On August 3, 2011, our travelers aboard the National Geographic Explorer took part in making history. Their landing at Franz Josef Land in the Russian Arctic was the first time a non-Russian expedition vessel has called at this remote island archipelago since 1928.
Since its first official discovery in 1873, Franz Josef Land has beckoned adventures from around the world. They forged through pack ice and formidable polar seas in order to explore this raw wilderness and launch expeditions to the North Pole. Many of them landed at Cape Flora on Northbrook Island, as the Explorer did last week. In the early 1930s, Russia closed off the territory and, other than a brief German occupation during World War II, the entire archipelago was shrouded in obscurity until 1990, when access began to open up again.
Amazingly, despite its remote location, this pristine Arctic refuge is steeped in fascinating history. Here, National Geographic’s connections run deep, as we discovered while sailing among the islands explored by Walter Wellman, whose 1898-99 expedition was sponsored by the National Geographic Society.

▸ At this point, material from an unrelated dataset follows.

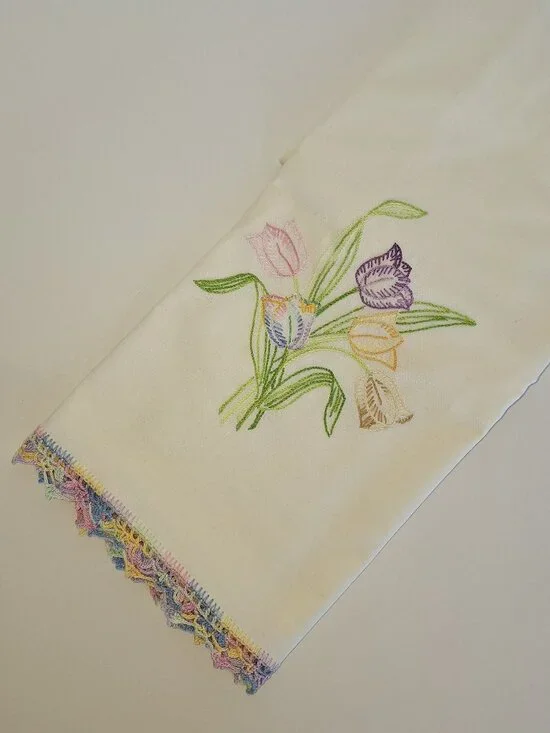 Vintage Handmade White Pillow Cases Tulips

Although Wellman didn’t complete his coveted expedition to the North Pole, he did discover one of the largest islands in the group and named it after then-president of the Society, Alexander Graham Bell.
At Cape Norway, where we ventured ashore, the flowers and mosses were surprisingly lush, and seabirds serenaded us as we tried to imagine what life must have been like for the earliest visitors. The wildlife was extraordinary: we spotted eight bowhead whales on a single day; a polar bear hovering over a kill; and the ever-present ivory gull was never far from the ice. From penetrating heavy drift ice to exploring windswept beaches populated only by walruses, this was an expedition of the truest kind—and for many of our travelers, a thrilling journey into the unknown.